# [Work request]
From the line that contains "Algorithmic Models for" to the final line below, both included, print each line exactly and skip the pictures.

# [Data provided]
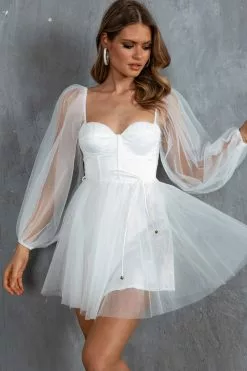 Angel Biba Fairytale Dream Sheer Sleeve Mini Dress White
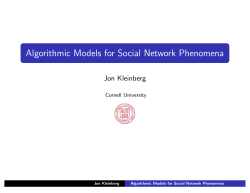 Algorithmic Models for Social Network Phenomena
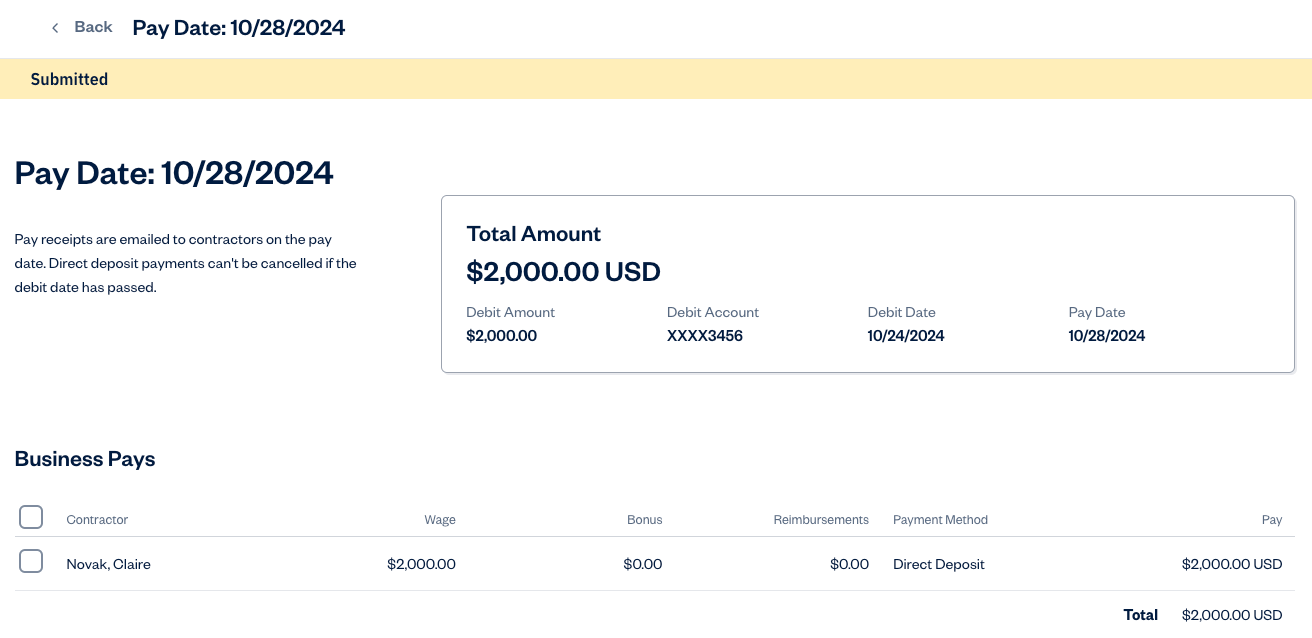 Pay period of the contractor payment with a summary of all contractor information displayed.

# [Completed exercise]
 Algorithmic Models for Social Network Phenomena
 Pay period of the contractor payment with a summary of all contractor information displayed.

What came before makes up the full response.